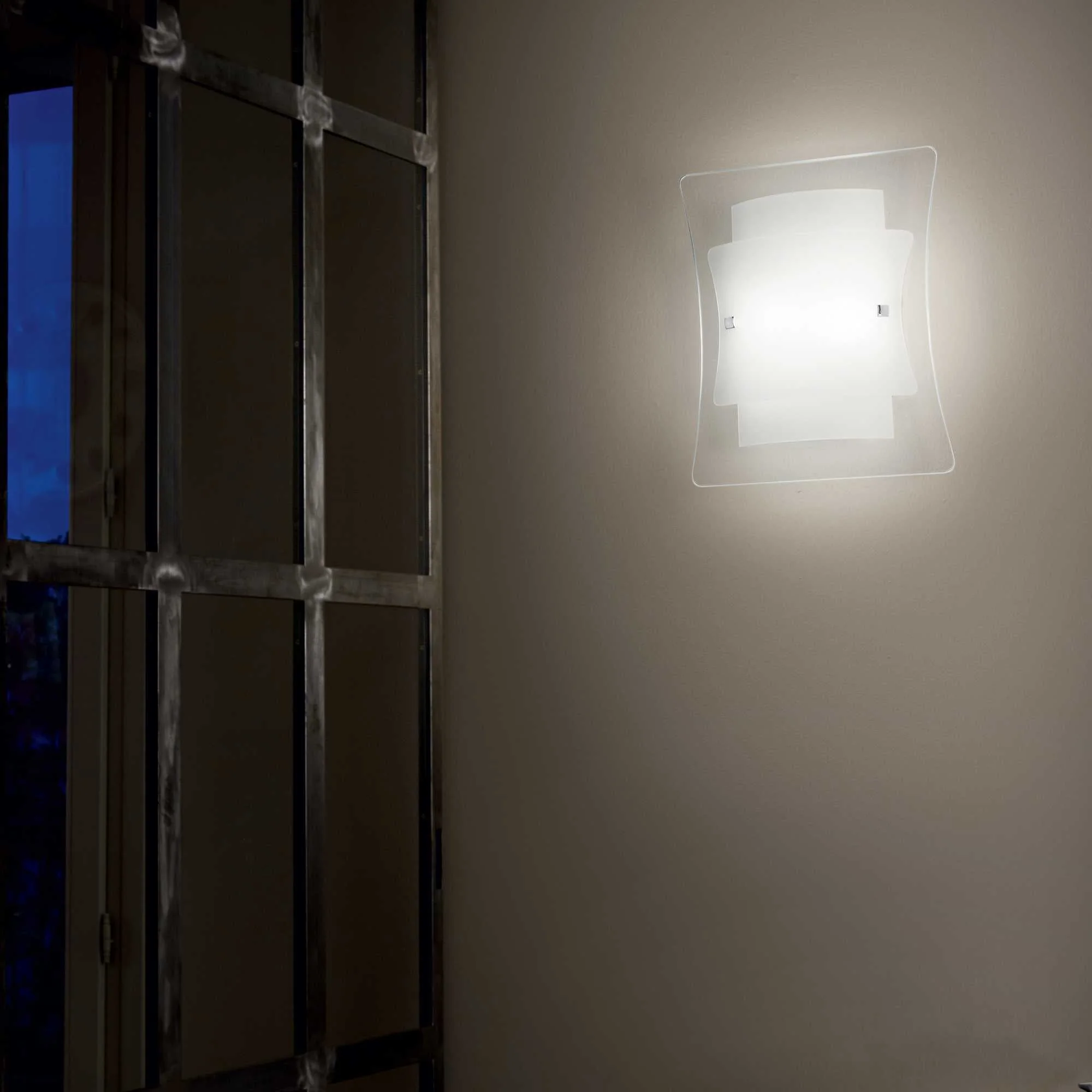 Triplo Wall Light Fitting - White Finish - Image 2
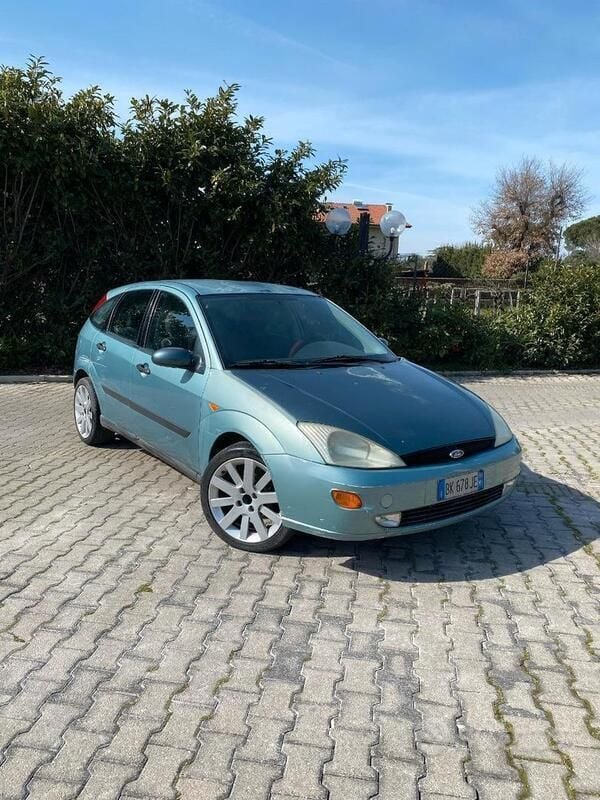 Verde Usata 2001 Ford Focus Tre volumi | 999 € (Buon prezzo) - Immagine 1/4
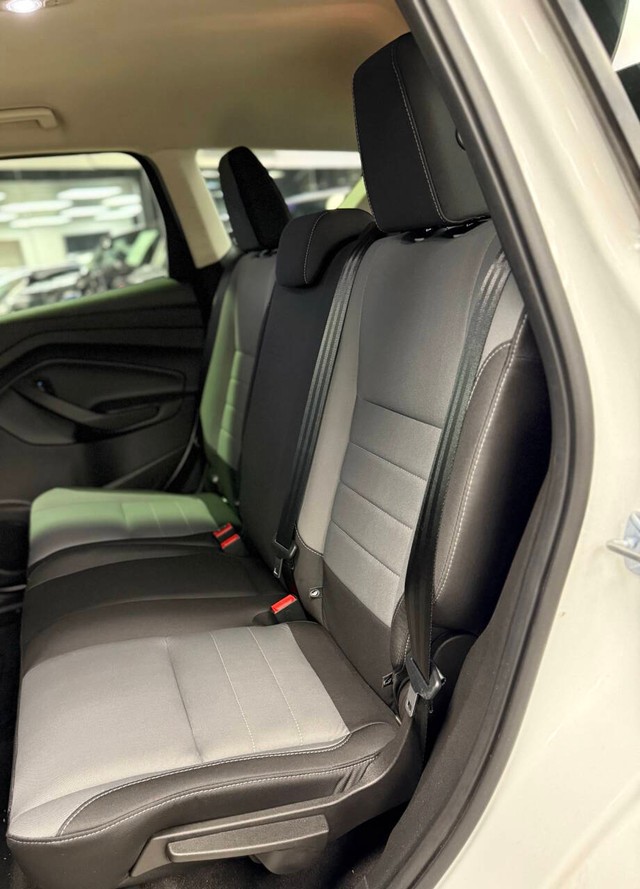 Ford Escape Vehicle Full-screen Gallery Image 15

- WORK TO BE COMPLETED -
Ignore the images and quote every line of the listing exactly.

- RESULT OF THE EXERCISE -
 Triplo Wall Light Fitting - White Finish - Image 2
 Verde Usata 2001 Ford Focus Tre volumi | 999 € (Buon prezzo) - Immagine 1/4
 Ford Escape Vehicle Full-screen Gallery Image 15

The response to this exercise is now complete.